Along with a couple of endearingly political CDs issued in 1998 under his first name, Sebastian (White Liberals on Reggae - no doubt inspired by Ian Dury's White Punks on Dope - and Queen St. Left - This is a Protest Album), he re-released Full Moon & Welfare Cheques on CD as well.
Sandwiched in between those releases and 2001's Modern Day Cowboy was 1999's While Baby Sleeps, my favourite,
after White Liberals on Reggae, which contains numerous rock'n'rebel rotations. This collection of rock/funk-oriented originals is exciting and thought-provoking and speaks to deception, independence, illiteracy, barroom blues, political buffoonery, vicarious glamour, and illusory (suicidal) flights to freedom ("Lonesome Road", which is oddly phrased but tremendously compelling at the same time). Seb also makes a connection between poverty/starvation and juvenile delinquency very poignantly in "Boys in the Alley" and provides some excellent lead guitar here as well as on the marvelous ensuing track, "A.O.T.A. (All of the Above)". As a matter of fact, Seb provides ALL the instrumentation and vocals. The sound was mixed by Wayne Berge and mastered by Albert MacDonald.

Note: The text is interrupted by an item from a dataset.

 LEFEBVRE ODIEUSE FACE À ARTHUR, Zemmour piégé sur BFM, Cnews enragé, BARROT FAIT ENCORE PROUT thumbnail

"Modern Day Cowboy" (In Memory of Lyle Vallentyne) sees the return of Mickey Andrews on steel guitar (if only on "The Jogger"); he contributed more thoroughly on pedal steel guitar on Full Moon and Welfare Cheques, but that duty has been given over to the equally talented Dennis Conn here. Mike Elliott also guests on fiddle and Steve Petrie on steel guitar.
The title track, starting off similarly, and maybe deliberately, to Fleetwood Mac's "Break the Chain", is obviously a tribute to a man who respects and keeps the tradition of the wild and free "cowboy", but who just coincidentally prefers to ride a motorbike rather than a horse.

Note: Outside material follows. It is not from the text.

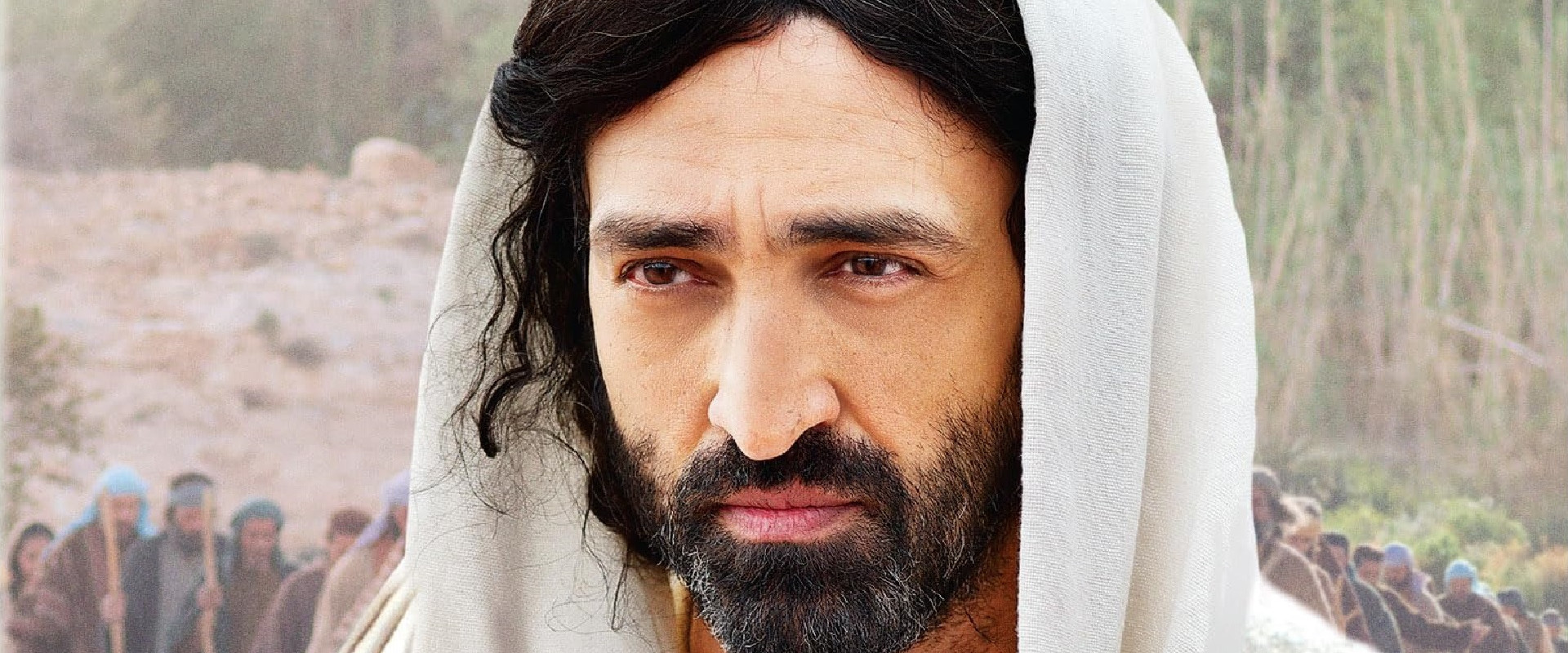 The Gospel of Luke backdrop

"If I Had a Boat" is a weird, corny little ditty written by Lyle Lovett, but it's kind of catchy, just the same. I didn't care for "The Heart" (written by Kris Kristofferson), but the original version probably sounds totally different, as Mr. Kristofferson's vocal approach has a much smoother flow to it.
I understand why Seb chooses to record cover versions of other well-known musicians, but he really does sound more natural and pleasant when he's singing his own compositions. "Walkaway" is a perfect example, because rather than imitating another song/singer, he blends elements of both "Girl with the Faraway Eyes" and "To All the Girls I've Loved Before" to create a brand-new classic song of his own.
"Heavy Metal" (Guy Clark, Jim McBride), "The Jogger" (Shel Silverstein) and even Bobby Darin's
"Distractions Pt. 1" are just too Dukes of Hazzard for me, but I'm sure most of the male population of the world would relate to and immensely enjoy these tracks. The steel guitars are the only saving graces in them, where I'm concerned.
There was no way I could not like "Overtime", a Seb original (with Mike Elliott on fiddle), and a welcome change of pace to a kind of swingy rhythm and blues. It actually sounds like it came from the same rhythmic mold as Black'n'Blues' "Ugly As She Can Be". It would have made for a better closing track, to sustain an overall positive impression of the CD.
"The Take It Easy Trailer Park" (Kinky Friedman, Van Dyke Parks) is another interesting tune, but it seems to lose something in the interpretation, with the instrumentation being kind of choppy.
"Northern Boy" (Randy Newman), another macho manifesto with a marching rhythm is Seb's always-welcome patriotic nod to Canada, making specific reference to Ottawa and Saskatchewan. However, just as in the next tune "Alright Guy" (Todd Snider), Seb's vocals tend to suffer when they are forced into the lower range, taking on an unpleasant "gruntiness" which isn't really necessary, even with those male-oriented lyrics.
There's no doubt in my mind that Sebastian Agnello is one the best lyrical composers in Canada. I find it very difficult to skip over the rare tracks where the instrumentation doesn't appeal to me, because the lyrics are too powerful to miss!